Data provided
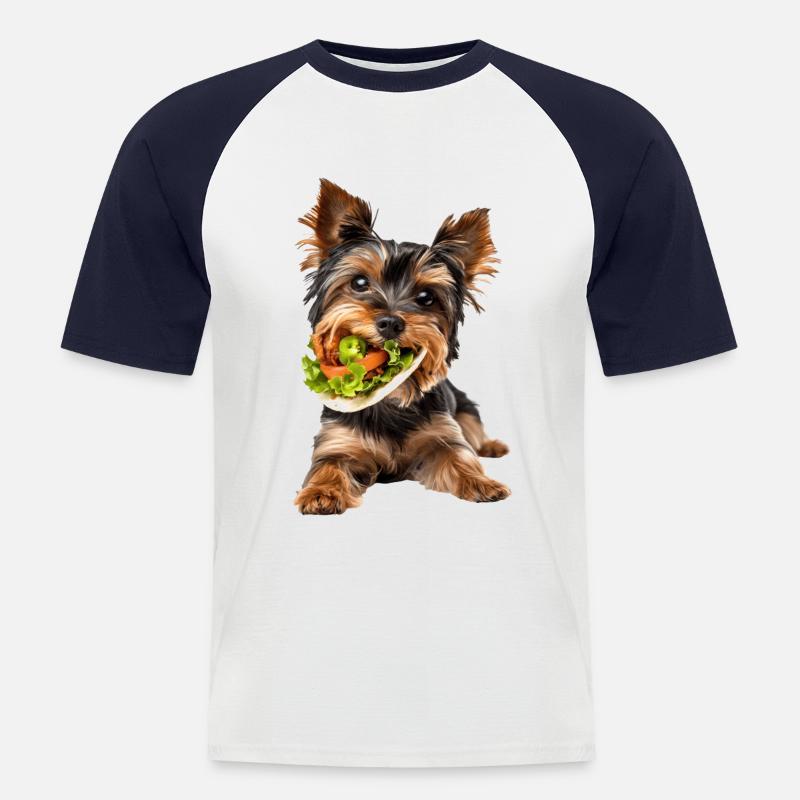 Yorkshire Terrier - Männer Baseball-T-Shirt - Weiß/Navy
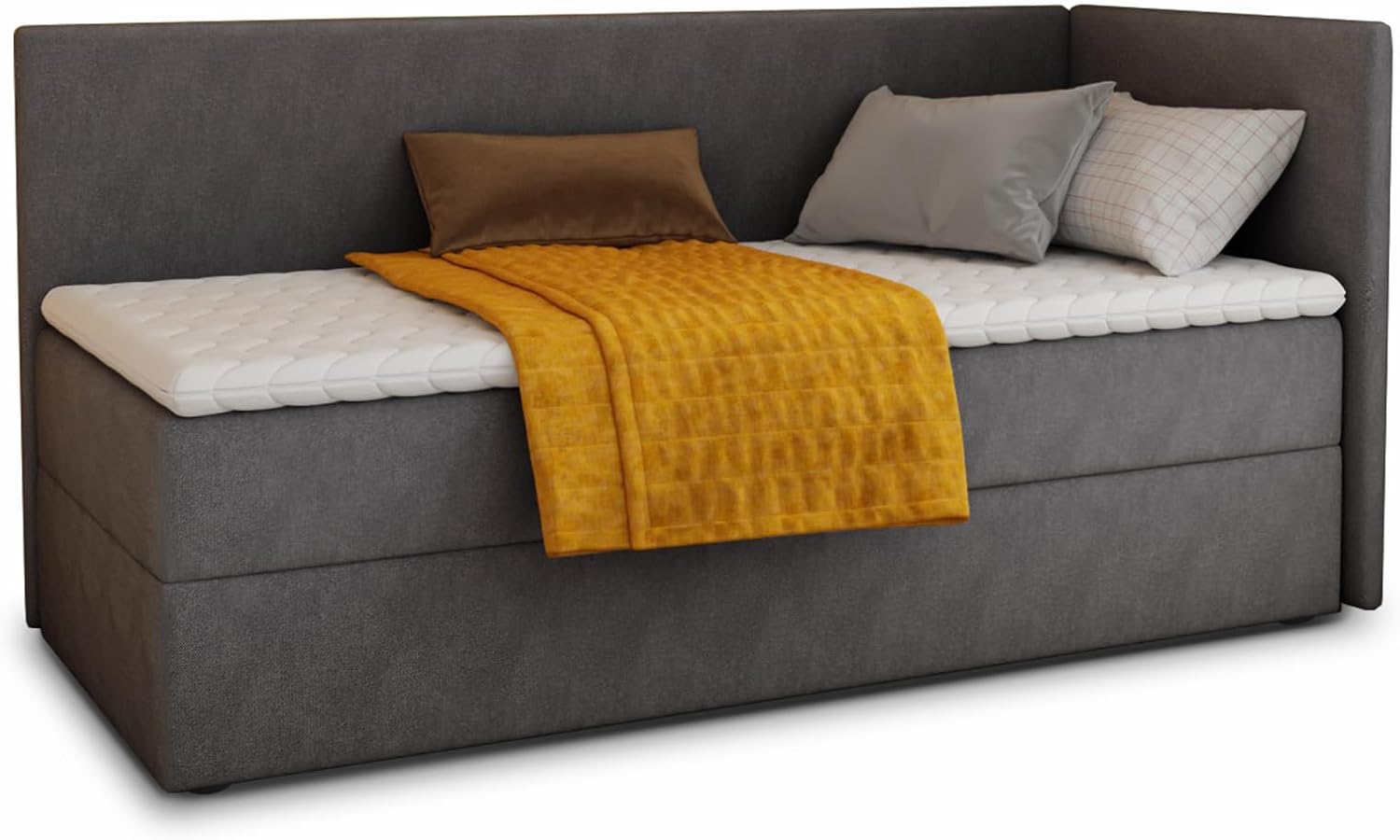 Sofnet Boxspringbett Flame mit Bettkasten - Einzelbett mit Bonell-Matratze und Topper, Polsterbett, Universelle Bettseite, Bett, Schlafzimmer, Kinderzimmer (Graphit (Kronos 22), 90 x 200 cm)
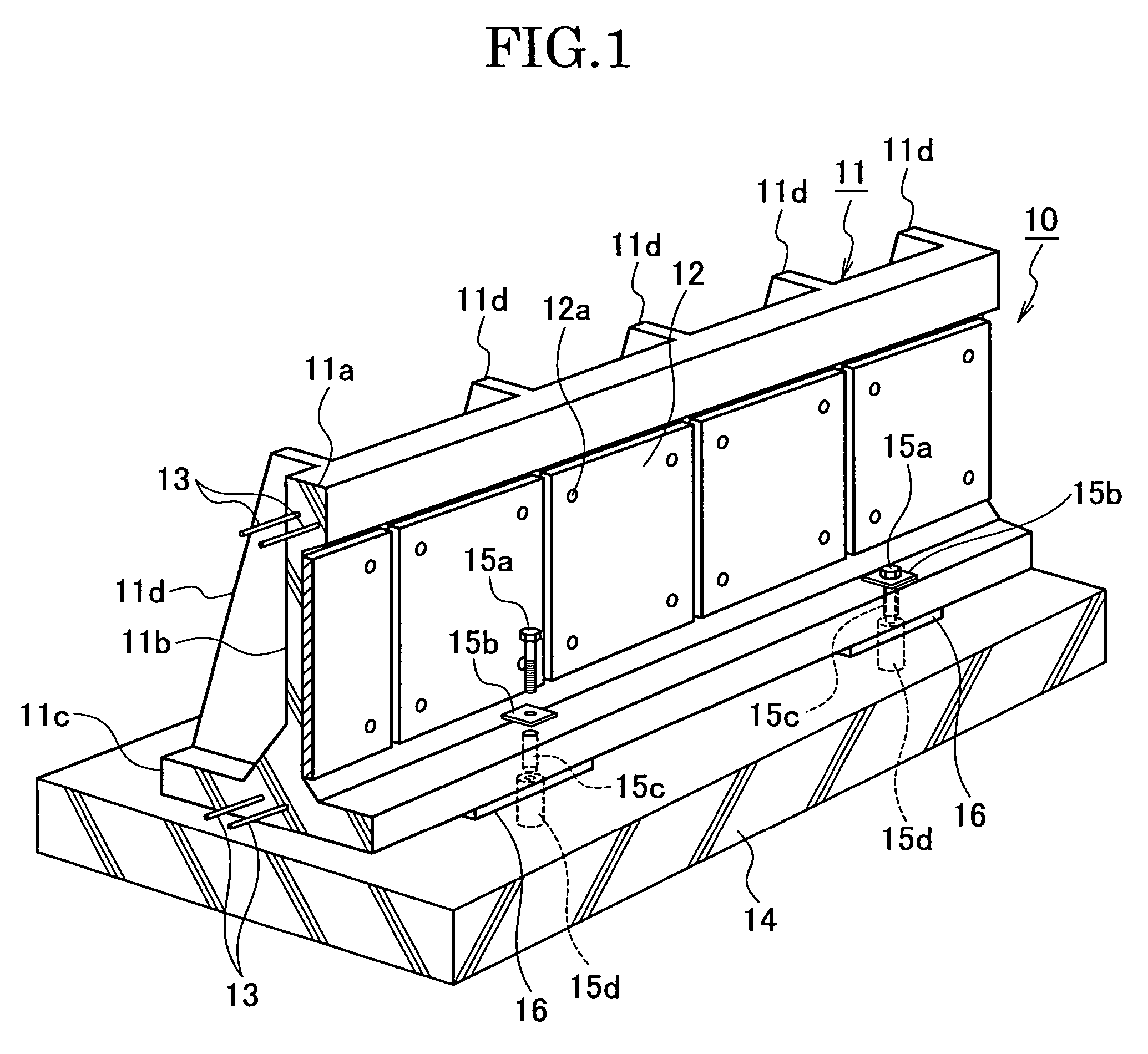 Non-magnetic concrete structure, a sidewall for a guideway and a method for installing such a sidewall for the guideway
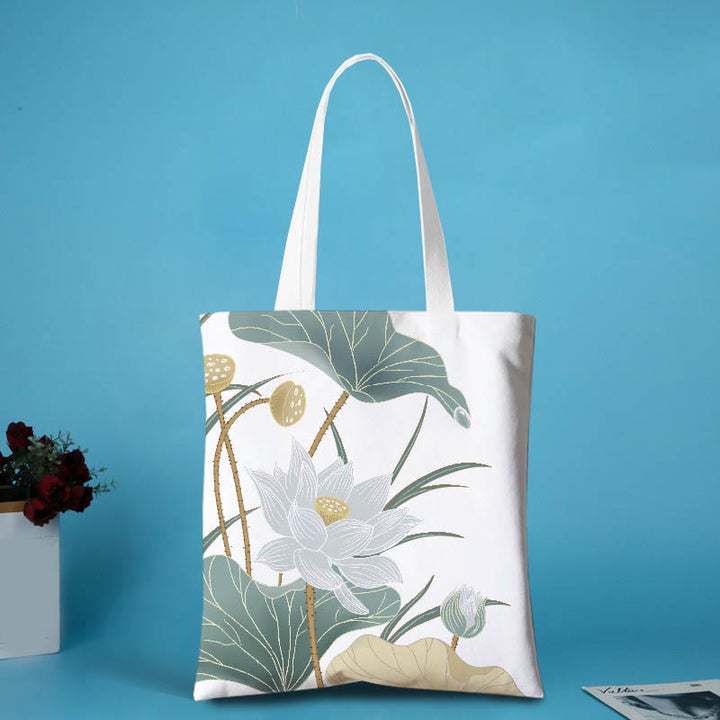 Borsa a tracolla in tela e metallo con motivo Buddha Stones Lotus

---

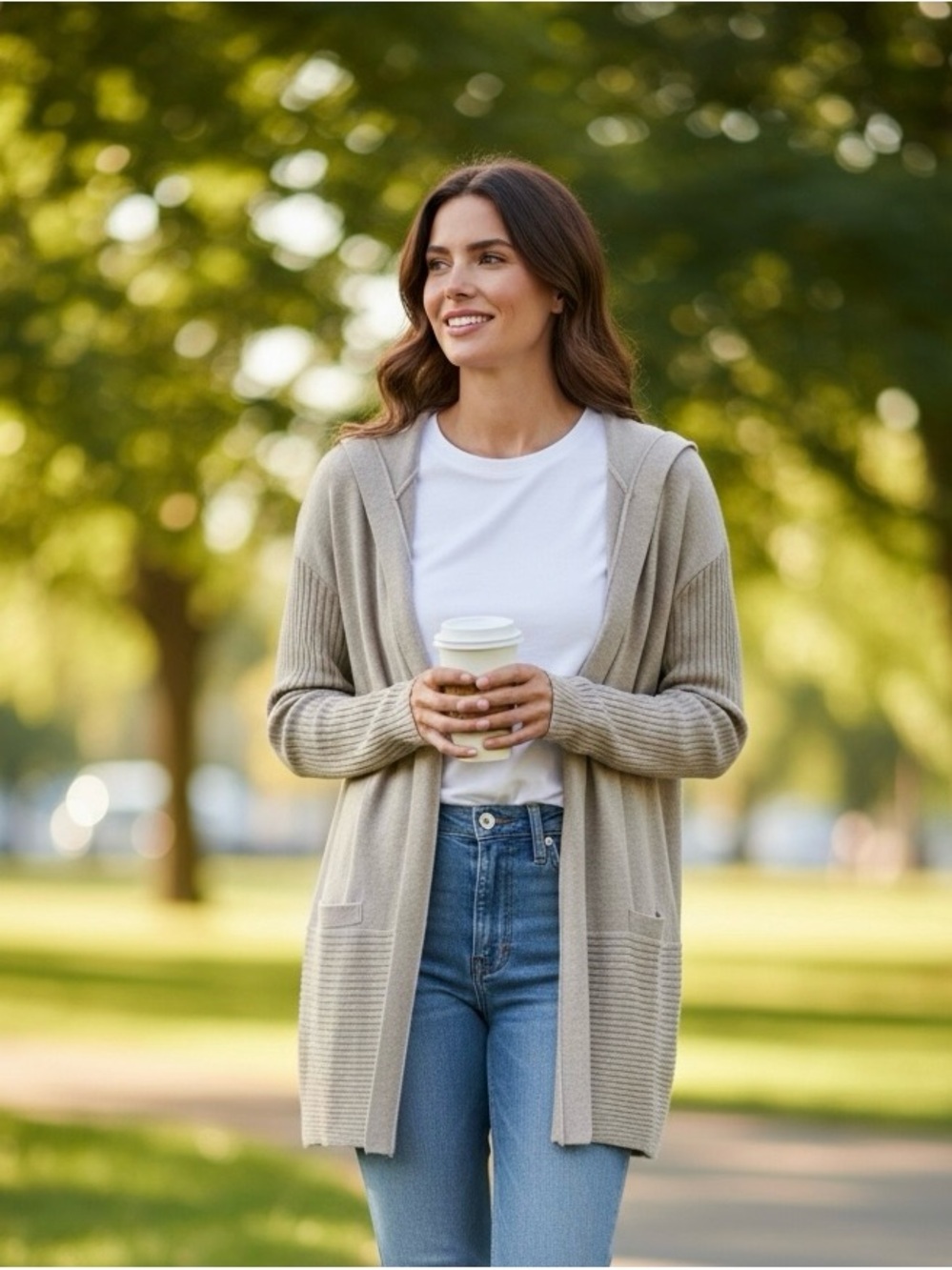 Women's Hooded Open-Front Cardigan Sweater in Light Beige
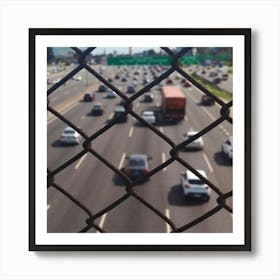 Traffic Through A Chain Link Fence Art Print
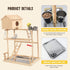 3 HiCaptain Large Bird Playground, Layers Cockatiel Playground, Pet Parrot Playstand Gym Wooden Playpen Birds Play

What to produce
Text only, no pictures: please print exactly the lines above from the line with "Traffic Through A Chain Link Fence Art Print" up to and including the line with "3 HiCaptain Large", and nothing else.

Response to the exercise
 Traffic Through A Chain Link Fence Art Print
 3 HiCaptain Large Bird Playground, Layers Cockatiel Playground, Pet Parrot Playstand Gym Wooden Playpen Birds Play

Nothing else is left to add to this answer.